During winter, the condition of constant darkness in Kiruna gives a sense of disorientation to time, and hence being completely immersed within the space. The proposal sets up a video game competition arena; creating an alternate environment for real-time strategy multiplayer online battles.

With the increasing availability of online video streaming platforms, particularly Twitch.tv, and the unconscious collective nature of human interaction in gaming environments, the proposal will broadcast competitions worldwide while simultaneously assigning and connecting players through the intangible network to participant in a battle spectacle of collective intelligence. Players go from interacting in a virtual space-to watching others in virtual spaces-to playing using their bodies in a multiplayer arena-to engaging while watching another player’s view in the space within this overwhelming network of interfaces.

As technology progresses, so does the immersive level in video games in achieving hyperrealism, plus the capability understanding space through gaming interactions.
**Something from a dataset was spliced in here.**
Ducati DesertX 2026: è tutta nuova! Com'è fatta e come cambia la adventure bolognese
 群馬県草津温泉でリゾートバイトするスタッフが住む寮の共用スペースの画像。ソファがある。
From journeying from point A to B, capture/destroy, territorial control, race, collection, building and solving puzzles, different objectives in multiplayer games not only allow you to live out an alternate life, but also presents spatial cognitive challenges that encourage players to interact in many different ways to create publicness.

In the future as Kiruna Mines in Sweden expands, the building will continue to develop as a testimony to the evolution of both the gaming market and the gaming community. The project has the potential to exist in other location with similar extreme conditions and climates that is in a constant flux. Gamers, one thorn between an alternate reality through a screen and physical gatherings in convention centers, can now finally experience these spaces in unity. The proposal demonstrates that video games, striped to its essence, can be spatial through immersion and interactions of players and could possibly resonate with an audience that don’t really care about video games.